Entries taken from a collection
────────
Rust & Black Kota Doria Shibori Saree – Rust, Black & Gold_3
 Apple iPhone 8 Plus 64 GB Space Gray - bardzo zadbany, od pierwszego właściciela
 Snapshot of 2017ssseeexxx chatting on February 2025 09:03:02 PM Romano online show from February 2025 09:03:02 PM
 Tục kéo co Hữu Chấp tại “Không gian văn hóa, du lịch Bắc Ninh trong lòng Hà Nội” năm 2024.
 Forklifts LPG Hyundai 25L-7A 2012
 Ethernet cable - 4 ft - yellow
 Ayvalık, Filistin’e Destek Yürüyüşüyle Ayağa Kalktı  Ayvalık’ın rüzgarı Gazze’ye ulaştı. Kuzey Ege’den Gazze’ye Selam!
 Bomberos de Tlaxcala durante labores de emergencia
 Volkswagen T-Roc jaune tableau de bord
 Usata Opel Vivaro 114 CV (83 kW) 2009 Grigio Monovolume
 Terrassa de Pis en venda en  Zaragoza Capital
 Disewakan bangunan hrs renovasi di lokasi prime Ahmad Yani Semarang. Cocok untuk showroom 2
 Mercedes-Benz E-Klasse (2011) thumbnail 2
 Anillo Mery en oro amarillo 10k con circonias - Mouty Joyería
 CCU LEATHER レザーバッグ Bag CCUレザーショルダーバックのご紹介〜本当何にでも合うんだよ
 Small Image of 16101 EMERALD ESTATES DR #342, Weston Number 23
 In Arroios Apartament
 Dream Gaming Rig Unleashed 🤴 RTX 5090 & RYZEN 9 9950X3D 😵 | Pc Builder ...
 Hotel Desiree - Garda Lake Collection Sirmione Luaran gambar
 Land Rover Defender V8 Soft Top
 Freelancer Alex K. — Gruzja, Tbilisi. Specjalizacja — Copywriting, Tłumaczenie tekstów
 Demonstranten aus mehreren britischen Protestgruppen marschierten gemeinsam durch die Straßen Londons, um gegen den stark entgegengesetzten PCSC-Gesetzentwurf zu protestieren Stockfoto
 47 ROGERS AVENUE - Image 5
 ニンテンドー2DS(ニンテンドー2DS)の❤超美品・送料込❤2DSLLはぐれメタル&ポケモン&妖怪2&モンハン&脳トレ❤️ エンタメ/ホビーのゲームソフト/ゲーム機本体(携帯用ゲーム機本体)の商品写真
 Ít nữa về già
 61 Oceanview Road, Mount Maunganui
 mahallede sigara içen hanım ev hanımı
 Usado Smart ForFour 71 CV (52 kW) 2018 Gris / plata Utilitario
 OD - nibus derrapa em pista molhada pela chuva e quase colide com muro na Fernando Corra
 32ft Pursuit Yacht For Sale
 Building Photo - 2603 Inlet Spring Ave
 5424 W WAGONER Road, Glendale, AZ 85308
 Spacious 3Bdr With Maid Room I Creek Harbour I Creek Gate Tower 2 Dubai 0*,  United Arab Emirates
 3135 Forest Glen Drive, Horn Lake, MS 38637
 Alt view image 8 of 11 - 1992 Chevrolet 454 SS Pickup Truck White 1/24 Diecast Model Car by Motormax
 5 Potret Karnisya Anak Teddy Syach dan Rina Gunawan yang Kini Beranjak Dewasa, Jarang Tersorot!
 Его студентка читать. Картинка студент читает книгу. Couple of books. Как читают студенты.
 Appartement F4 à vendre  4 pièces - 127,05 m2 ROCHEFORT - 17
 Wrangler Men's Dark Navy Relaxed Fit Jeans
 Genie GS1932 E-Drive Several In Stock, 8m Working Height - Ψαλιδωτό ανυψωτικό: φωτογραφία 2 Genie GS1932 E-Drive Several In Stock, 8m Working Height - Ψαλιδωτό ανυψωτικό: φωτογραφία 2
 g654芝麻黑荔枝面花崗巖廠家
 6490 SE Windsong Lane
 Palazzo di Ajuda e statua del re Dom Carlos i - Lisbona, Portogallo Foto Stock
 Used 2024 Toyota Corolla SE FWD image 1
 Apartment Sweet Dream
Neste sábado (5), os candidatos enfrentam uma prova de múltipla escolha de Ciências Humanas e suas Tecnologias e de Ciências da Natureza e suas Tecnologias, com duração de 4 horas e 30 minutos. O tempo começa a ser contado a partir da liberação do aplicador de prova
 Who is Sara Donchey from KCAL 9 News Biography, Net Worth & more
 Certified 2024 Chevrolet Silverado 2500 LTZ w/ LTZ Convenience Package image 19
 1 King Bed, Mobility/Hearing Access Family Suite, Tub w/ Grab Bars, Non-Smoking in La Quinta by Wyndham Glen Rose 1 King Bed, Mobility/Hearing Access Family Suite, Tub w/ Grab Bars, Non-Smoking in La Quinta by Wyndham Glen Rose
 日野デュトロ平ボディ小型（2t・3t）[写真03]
────────
■ What this task involves ■
Compute the number of lines in the entries above that hold the word "Dream"; the answer must contain nothing else.

■ Expected answer ■
2